I'm not sure quite what to think here. I agree with a lot of the concerns raised. I don't think picking a pink blanket at 6 months could be a sign that a child was transgender. This mom too does seem a bit full of herself for being a mom of a rainbow child (Though she's not saying he's trans, is she? Just making quite a lot of his gender non-conformance?).

I've read that gender identity issues can be quite common with kids (hey, as kids my female best friend and I both badly wanted to be boys, and we're both still female today), but most grow out of it. How would this mom react if her son grew out of his rainbow-ness? But then you don't want to assume it's just a phase if it's something more, and if that's the case these kids are much better off than if they were in a less-accepting family.

Yeah, those kids from the documentaries were extreme examples. They had been diagnosed with gender identity disorder (which is now called gender dysmorphic disorder). The impression I got was that these kids were like anorexics, or Michael Jackson, where they spent a lot of time obsessing over their bodies. The parents were supportive, but the kids were still miserable.

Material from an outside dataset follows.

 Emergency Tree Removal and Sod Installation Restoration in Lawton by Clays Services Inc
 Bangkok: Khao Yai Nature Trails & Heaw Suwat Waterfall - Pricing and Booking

I don't know what Rainbow Boy's mom will do if he outgrows his rainbow-ness. And he probably will, at least to some degree. All kids outgrow that princess stuff-- how many high school girls still play with Barbie and wear pink sparkly Disney clothes? I just hope Rainbow's mom doesn't start putting him on puberty blockers or filling his head with ideas about gender reassignment surgery. (Coy's mother reportedly has looked into taking the SIX-year-old to Thailand for surgery.) I would hope that a doctor would put the brakes on that type of thing until the child is old enough to make a rational decision himself/herself. But going back to Michael Jackson, there is always a doctor who will do anything if the $$$$ is right.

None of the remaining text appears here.